I just came out of an extended conversation with a group of philosophers that centred around ‘the problem of evil’ in philosophy of religion (most of them were theists). A few interesting observations struck me.
One observation was observing, in quick succession, someone being willing to explain away and justify all the evils in the world in order to retain the idea that ‘God is perfectly good’, and then say that they considered humans (the crowning pinnacle of God’s creation, remember) were naturally bad in quite a strong sense – which, though I didn’t press them, would probably involve explaining away and debunking all the apparently good traits of humans.
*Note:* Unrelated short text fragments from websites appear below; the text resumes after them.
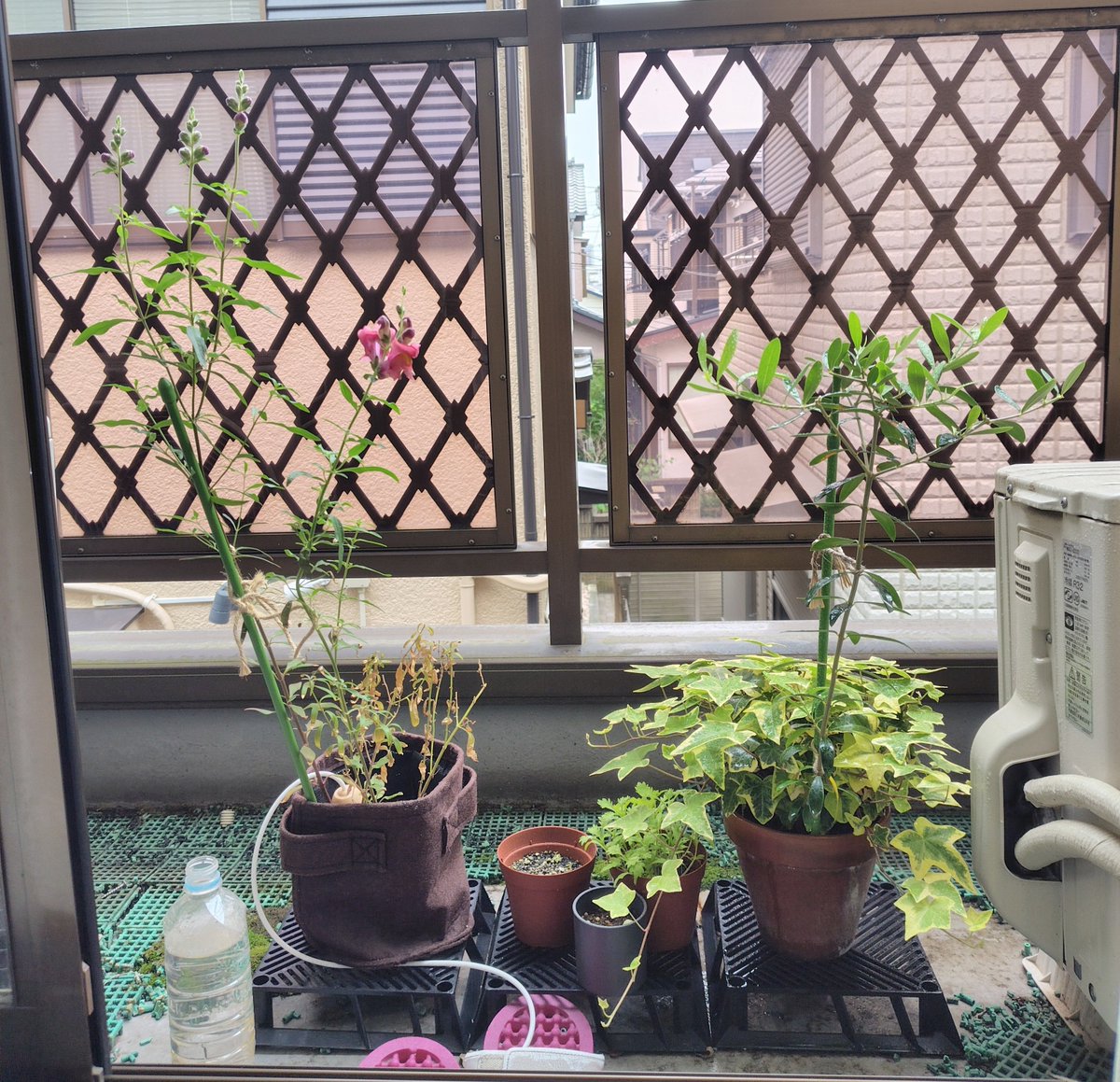 yozora1465133's tweet image. 4月の終わりも、それぞれの形で
#gardening #photography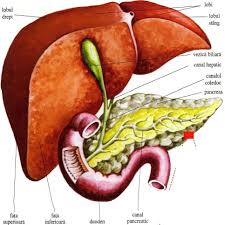 Ficatul cel mai mare organ intern al corpuluiuman. Ficatul Èi Pancreasul Gastrointestinal System Biology Anatomy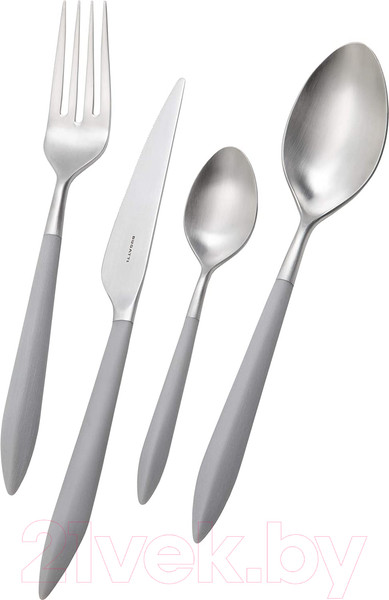 Изображение товара Набор столовых приборов Bugatti Ares ASBG-004F50 (24пр, матовая сталь/серый)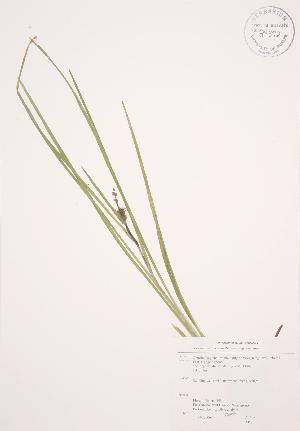  ( - AP205)  @11 [ ] Unspecified (default): All Rights Reserved  Unspecified Unspecified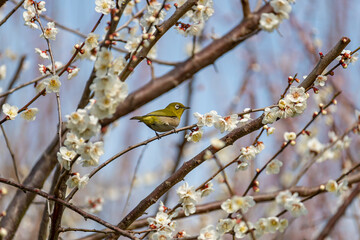 メジロと梅の花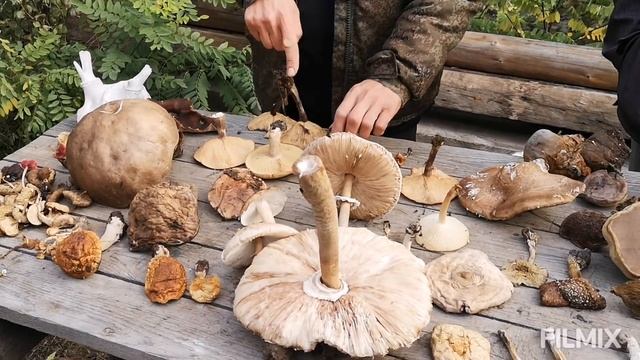 Эко-тропа "Лес": как мы в Листопадове по грибы ходили смотреть онлайн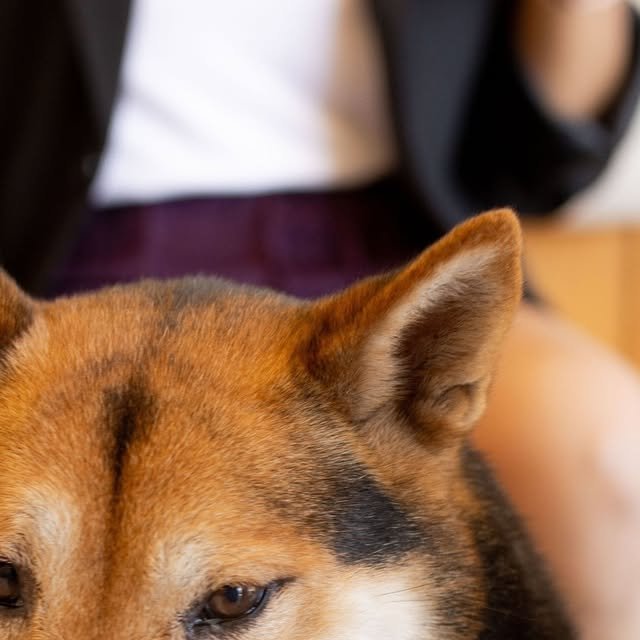 Perrito shiba inu de visita
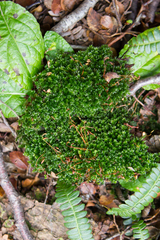 Bryum perlimbatum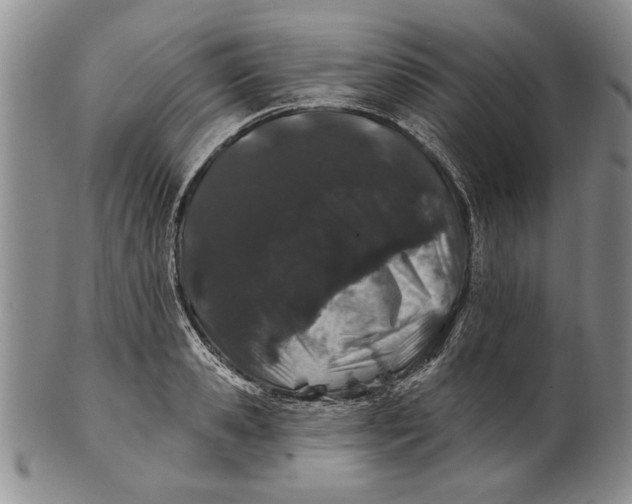 X0000100750941200807101700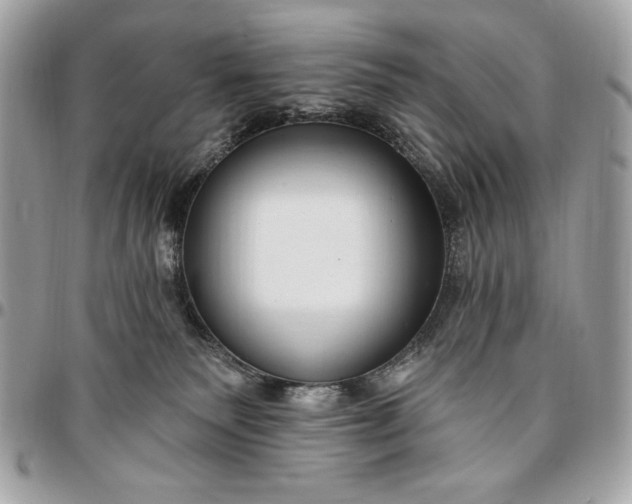 X0000096430135200802071734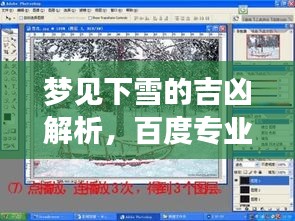 夢(mèng)見(jiàn)下雪的吉兇解析，百度專業(yè)解讀您的夢(mèng)境之謎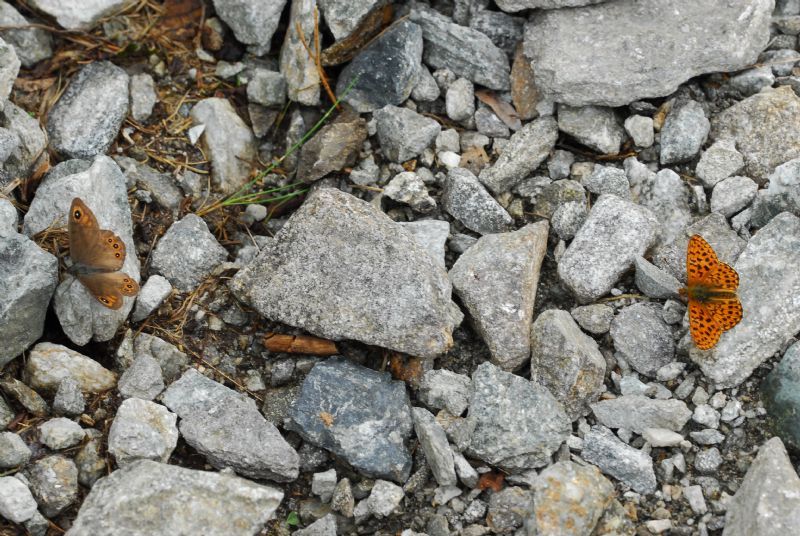 Alta Valle Morobbia 2 e 3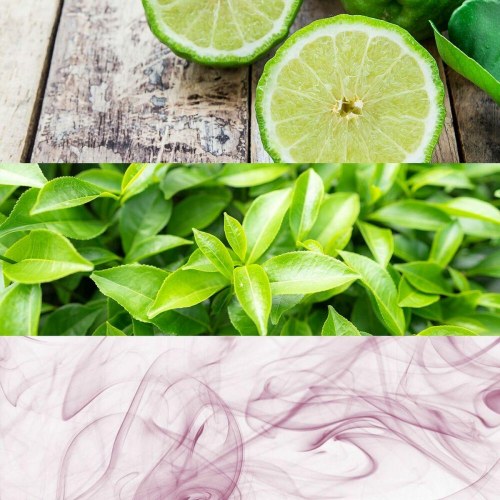 Parfume til kvinder Calvin Klein CK One EDT 50 ml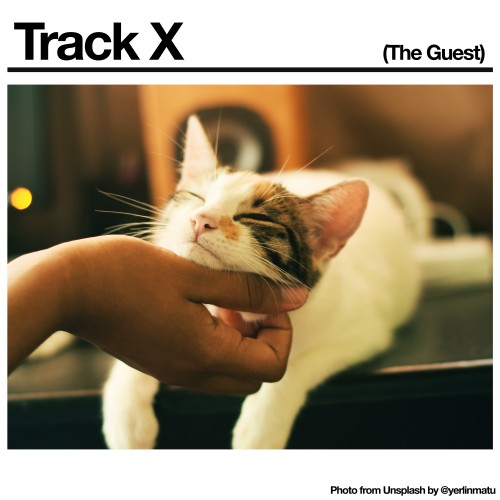 Track X (The Guest) - 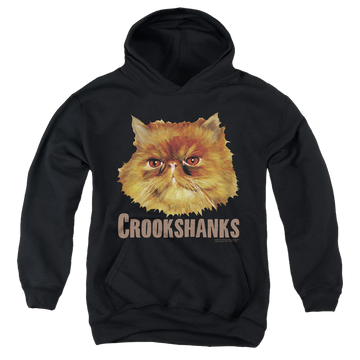 Black youth hoodie for ages 8 to 12 with Harry Potter Crookshanks Color graphic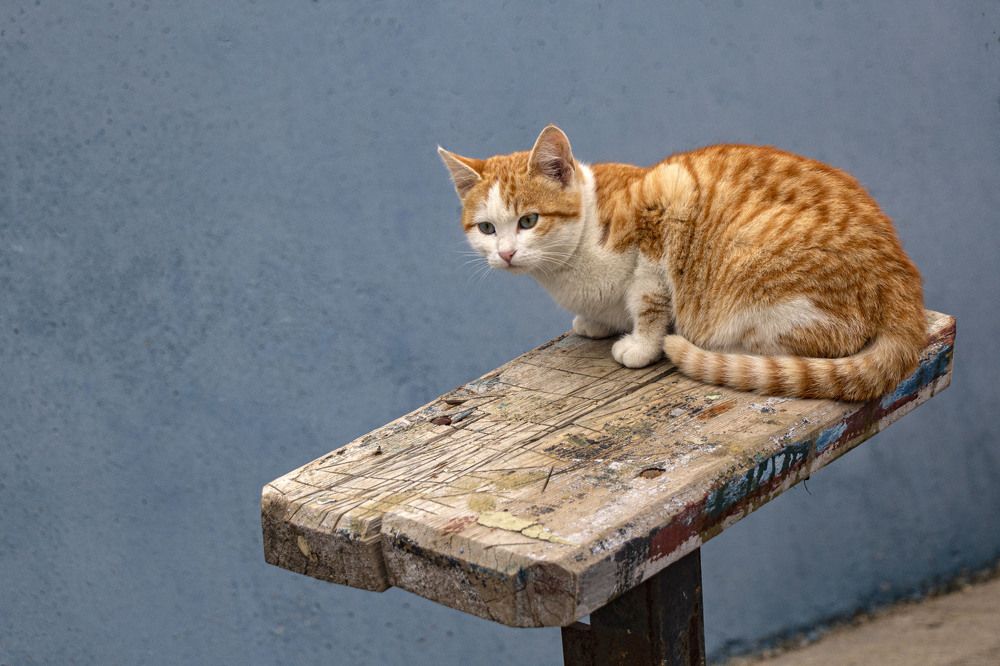 Photograph by Hasan Bayrak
Coincidence?
Another was that one person, to support the idea that different sorts of moral standards apply to us as apply to God, tried to say that it’s commonplace for different people to be held to different sorts of morality. When asked for examples, they gave parents punishing children and governments governing their subjects – two relationships of authority.
And a third was perhaps less striking, but perhaps still worth mentioning. One of them (a theist), in explaining away various forms of suffering, said that the suffering of animals seemed fairly irrelevant to them; and when I said, by way of contrast, that ‘it is bad that animals suffer needlessly’ was so obvious to me as to be axiomatic, this seemed to provoke more surprise in the other participants than their dismissal.
Of course maybe they were right and I was wrong. Just making observations.
Also, those who are waiting for replies to comments (who are principally: Quentin, Quentin, and Quentin), I will reply tomorrow. After sleep. And a sufficently long time without doing work. Hopefully.